TIGR's good with video editing rigs (he's built a fair few AFAIK). If he spots this thread, he'll no doubt pop in. As a last ditch effort there's the Adobe Forums, but their layout isn't nice and the search function can be annoying.


----------



## TheMailMan78 (Jul 22, 2011)

scaminatrix said:


> There's also HDD performance; I don't know if it's relevant in your case, but HDD's can cause performance issues and might be your bottleneck. I got a 4 drive RAID array because I'm working with 1280x720 30fps media at the moment (higher res = more bandwidth needed) so yea - you could be maxxing your read and write speeds of your drive.
> Try it again, but this making the destination for the file onto another drive. That's the best way to keep things on a vid editing rig IMO, read off one drive, write to another. Don't get any drive to try and do both (but that's a personal preference. if you got a decent RAID array then you can ignore my statement)
> 
> I just bought a GTX470 today to utilise MPE in CS5. I had almost the same problem as you; upgraded system but got worse performance. So I re-installed CS4 and had my performance back again! I figured it was just a bug in CS5 so I used CS4 to finish the job I had on. I'm going to chuck the GTX470 in and install CS5 today, update it and cross my fingers.
> ...



Personally I hate CS 5.5. Photoshop and Illustrator bring nothing productive to the damn table......again. I mean they haven't changed much since Photoshop 5. Shits getting old already all the damn bugs THEY WONT FIX.


----------



## newtekie1 (Jul 22, 2011)

TheMailMan78 said:


> Personally I hate CS 5.5. Photoshop and Illustrator bring nothing productive to the damn table......again. I mean they haven't changed much since Photoshop 5. Shits getting old already all the damn bugs THEY WONT FIX.

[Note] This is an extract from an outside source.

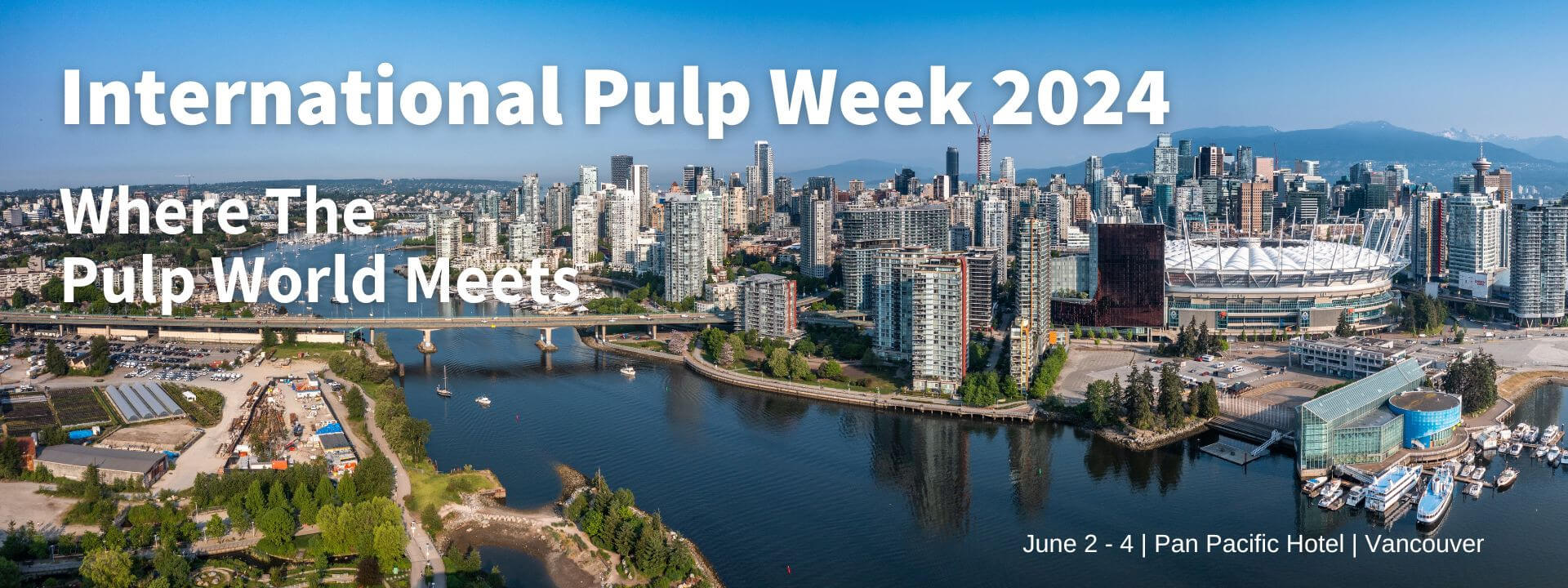 International Pulp Week 2024 International Pulp Week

I liked CS5 simply because of the massively improved content aware fill.  Other than that, I agree with you that there really hasn't been much improvement at all.  And I really think it is a slap in the face from Adobe for them to charge CS5 customers for CS5.5, that should be a free upgrade for people that just bought CS5.  I had a client that just spent $2,600 on CS5 Master Collection 6 months ago, and Adobe wants to charge them $600 to upgrade it to CS5.5, that is why I hate Adobe.

But that is getting a little off topic, lets just try to help him out and not discuss if we like the product or not.


----------



## twicksisted (Aug 9, 2011)

Im still trying to find the bottleneck in my system so that i can render the final video output faster.
So far people have suggested that if I have an Nvidia graphics card this will be quicker but according to my research on the matter this is only good for rendering previews in the program (not the final rendered video output).

_- CPU dosent seem to be the issue as I have plenty of speed in my i7 sandybridge and it only peaks at 30% during the final render.
-Ram dosent seem to be the issue as it dosent use it all up (have 16GB).
-HDD cant be the issue as I am using a SATA III 6GB/s Corsair GT SSD which is pretty much the fastest SSD drive on the market with huge I/O and R/W speeds._

So out of interest does anyone else have CS5/5.5 and a nice fast i7 setup.
If you could test out your findings as far as rendering a 1080p video in full quality... im trying to find out why my CPU does not go above 30% useage.


----------